Treffen der Schlüsselpersonen

Um die wichtigsten Eckpfeiler, Grundsätze und Ziele der neuen IT-Strategie der Stadt Zürich zu definieren, trafen sich 38 Teilnehmer aus den neun Departements der Stadt Zürich - allesamt Schlüsselpersonen, die für die Lösung des Problems und deren Umsetzung wichtig sind. Dazu gehörten Entscheidungsträger wie Direktoren, die aus der Benutzersicht argumentierten, die IT-Leiter der Departements, Vertreter des Querschnittsamts Organisation Informatik der Stadt Zürich (OIZ), drei externe IT-Berater und ein IT-Professor der Universität Zürich. Von politischer Seite war der Vorsteher des Finanzdepartements der Stadt Zürich anwesend. Das Treffen fand an drei Tagen im Frühjahr 2006 am Zürichsee statt.

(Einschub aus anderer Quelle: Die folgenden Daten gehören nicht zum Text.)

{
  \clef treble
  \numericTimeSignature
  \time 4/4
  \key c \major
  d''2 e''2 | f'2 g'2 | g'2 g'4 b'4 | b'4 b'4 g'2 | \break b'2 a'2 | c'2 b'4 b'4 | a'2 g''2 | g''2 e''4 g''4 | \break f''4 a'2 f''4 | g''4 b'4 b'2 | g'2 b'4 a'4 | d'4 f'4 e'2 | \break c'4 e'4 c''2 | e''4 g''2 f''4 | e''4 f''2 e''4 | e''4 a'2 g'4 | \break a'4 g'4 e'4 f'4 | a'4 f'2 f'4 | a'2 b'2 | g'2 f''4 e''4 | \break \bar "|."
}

Am Anfang stand wie bei jeder Syntegration eine Eingangsfrage: "Wie müssen wir die IT der Stadt Zürich gestalten, um für unsere internen und externen Kunden den größtmöglichen nachhaltigen Nutzen zu stiften?" Das ist eine vielschichtige Frage: "Da die Stadt Zürich eine Vielfalt von Dienstleistungen für ihre Bürger anbietet (Gesundheitsversorgung, Infrastruktur, Polizei, Ämter etc.), sind die Anforderungen an die IT hoch. Dass die Stadt in neun Departements aufgeteilt ist, die ihre IT relativ autonom verwalten, macht die Sache nicht leichter. "Wir haben keine einheitliche IT-Landschaft, aber komplexe Anforderungen an die IT. Das Wissen ist verstreut, und uns fehlte eine einheitliche, die Departements übergreifende IT-Strategie", beschreibt Heinzmann die Situation.

Syntegration

Anfang der 90er Jahre entwickelte Professor Stafford Beer, Begründer der modernen Management-Kybernetik, diese Management-Methode. Syntegration ist ein nach kybernetischen Grundsätzen strukturierter Prozess zur Entscheidungs- und Konsensfindung, der den Wirkungsgrad im Austausch von Information und in der Integration unterschiedlicher Sichtweisen maximiert. Unterschiedliche Perspektiven finden laut Malik in kurzer Zeit zur bestmöglichen Lösung einer Frage zusammen. Eine Syntegration bewirkt Engagement bei den Beteiligten, ihr Wissen einzubringen und die Zustimmung, die Resultate umzusetzen.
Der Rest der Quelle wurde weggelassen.